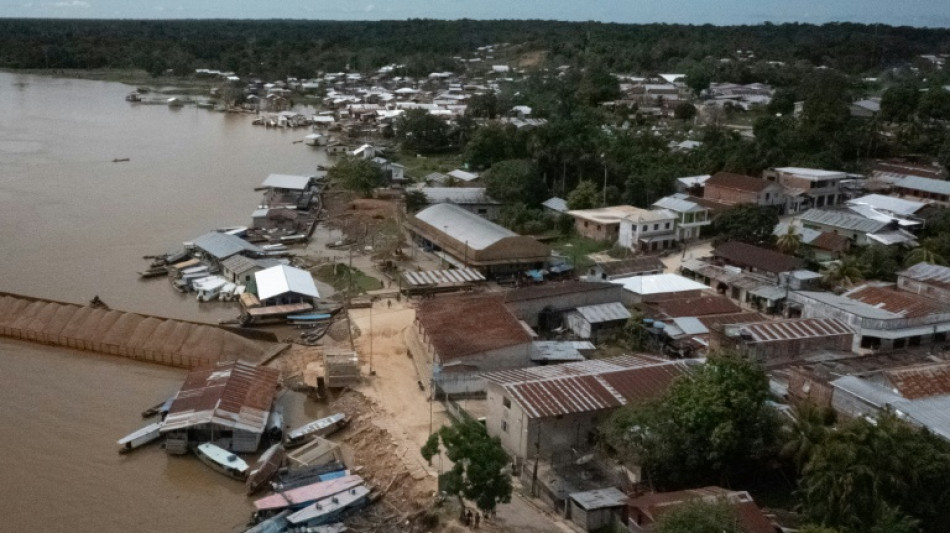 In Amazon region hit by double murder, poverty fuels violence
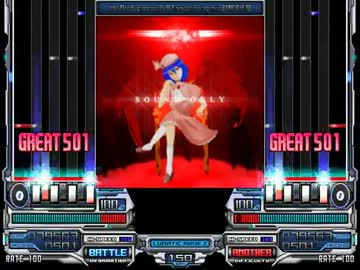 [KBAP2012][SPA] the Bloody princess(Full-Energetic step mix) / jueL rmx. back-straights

---*---

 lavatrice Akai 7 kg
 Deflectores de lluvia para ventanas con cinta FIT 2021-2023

---*---

Exact copy, pictures excluded: every line above from the one containing "In Amazon region" to the one containing "[KBAP2012][SPA] the Bloody", inclusive, and nothing more.

 In Amazon region hit by double murder, poverty fuels violence
 [KBAP2012][SPA] the Bloody princess(Full-Energetic step mix) / jueL rmx. back-straights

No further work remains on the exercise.